Measurement-induced phase transition in free bosons

TL;DR

This paper investigates measurement-induced phase transitions in free bosonic systems with long-range couplings, revealing that nonlocal measurements can induce a phase transition characterized by a subvolume-to-area law change in entanglement entropy.

Contribution

It demonstrates the occurrence of MIPTs in free bosons with long-range couplings under nonlocal measurements, a phenomenon not observed with local measurements.

Findings

Local measurements do not induce MIPTs in free bosons.

Nonlocal measurements can induce a MIPT with a subvolume-to-area law transition.

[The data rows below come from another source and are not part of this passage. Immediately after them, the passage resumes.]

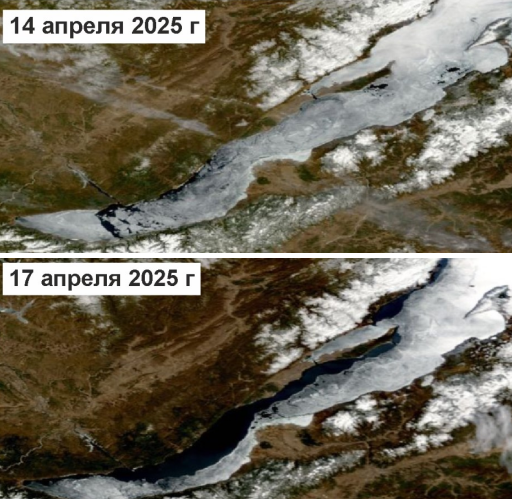 Фото: www.lin.irk.ru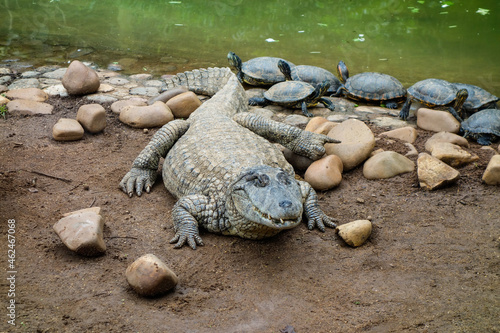 close view of a brazilian pap yellow alligator, or Jacare do papo amarelo photo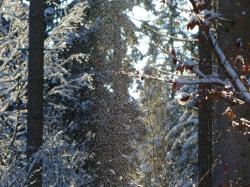 Zu Lichtmess am Samstag, 28. Januar, gibt es eine leichte ökumenische Wanderung aus der Reihe „Nationalpark und Schöpfung“. (Foto: Sabine Bangert/Nationalpark Bayerischer Wald)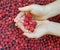 Hands Holding Fresh Picked Raspberries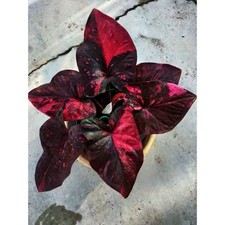 AUTHENTIC Volcano Caladium 1 bulb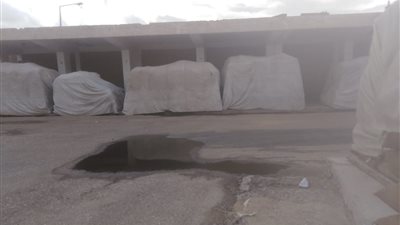 المركزية لإنتاج التقاوي ترفع حالة التأهب لحماية محطاتها من الأمطار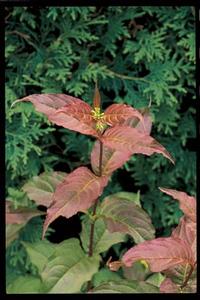 DIERVILLA LONICERA `COPPER`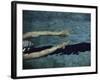 Swimmer in a Pool-null-Framed Photographic Print
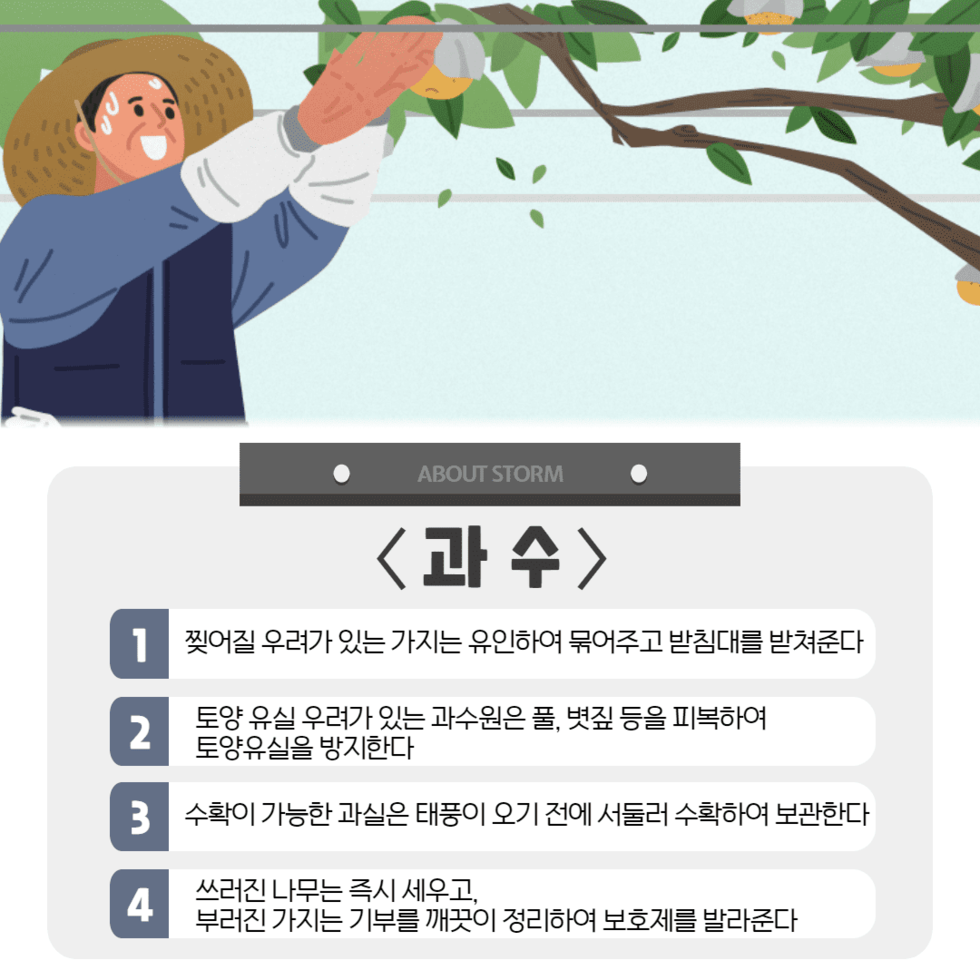 110. 태풍 ‘카눈’ 대비 농작물 관리 철저 당부 5.png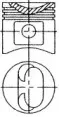 87-269906-00 NÜRAL Поршень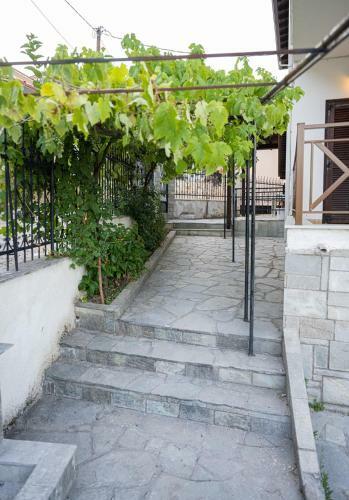 Este Luxury Apartments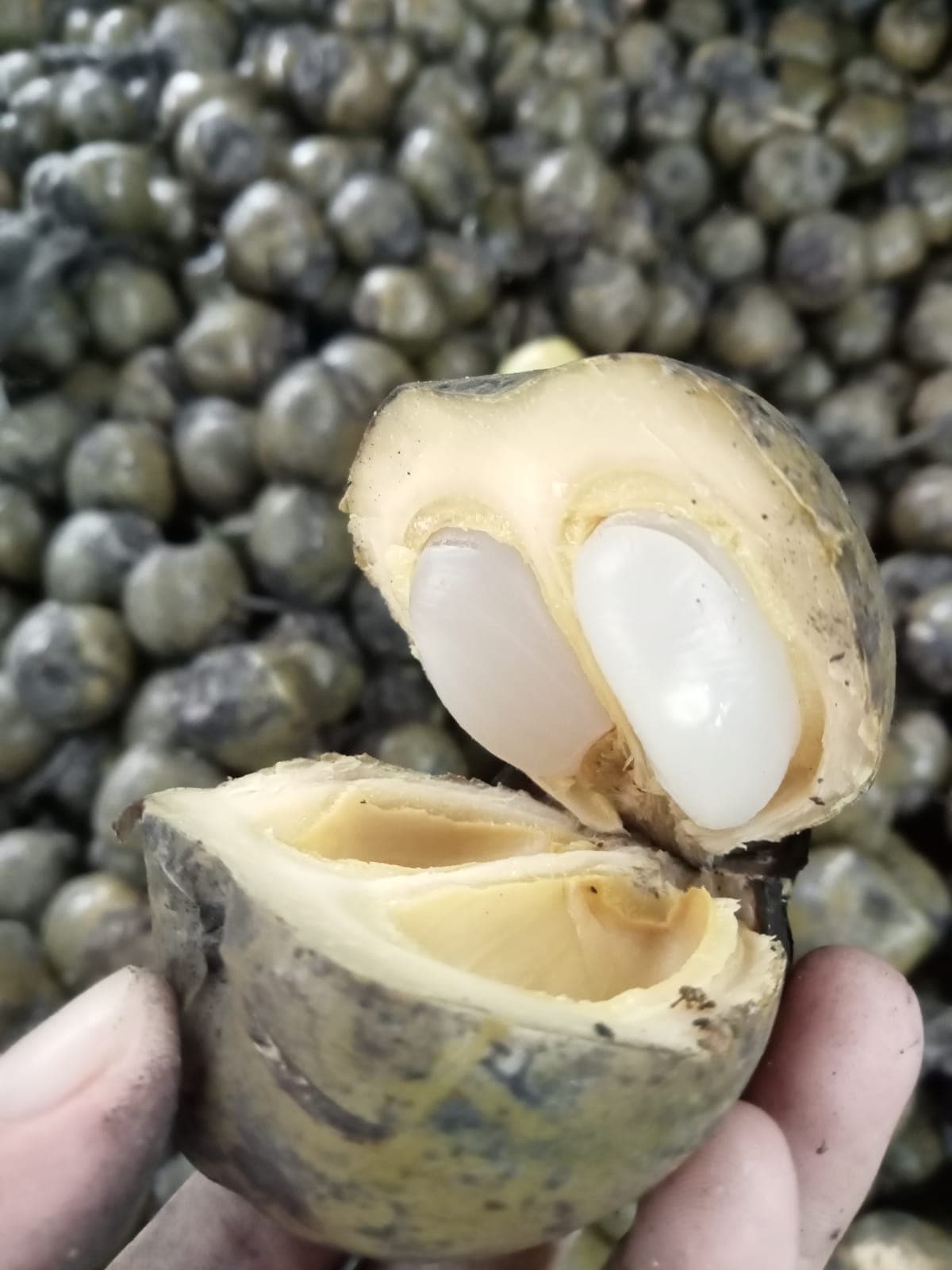 Pengurangan Limbah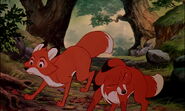 Fox-and-the-hound-disneyscreencaps.com-8227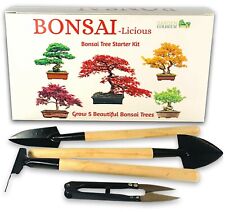 Bonsai tree kit. for sale  WOLVERHAMPTON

The critical point is likely described by a conformal field theory, distinct from conventional universality classes.

Abstract

The competition between quantum many-particle dynamics and continuous monitoring can lead to measurement-induced phase transitions (MIPTs). So far, MIPTs have been extensively explored in fermionic or spin systems. To examine the possibility of an MIPT in bosonic systems, we study the entanglement structure in continuously monitored free bosons with long-range couplings. When the measurement is local, we find that no MIPTs occur because the substantial entanglement generated by the long-range coupling overcomes the entanglement destruction due to the measurement. In contrast, we show that the nonlocal measurement can efficiently suppress the entanglement generation, leading to an MIPT where the bipartite entanglement entropy exhibits the subvolume-to-area law phase transition as the measurement strength is increased. Our numerical results indicate that the critical point should be described by a certain conformal field theory, while the transition does not belong to a conventional universality class such as Berezinskii-Kosterlitz-Thouless class.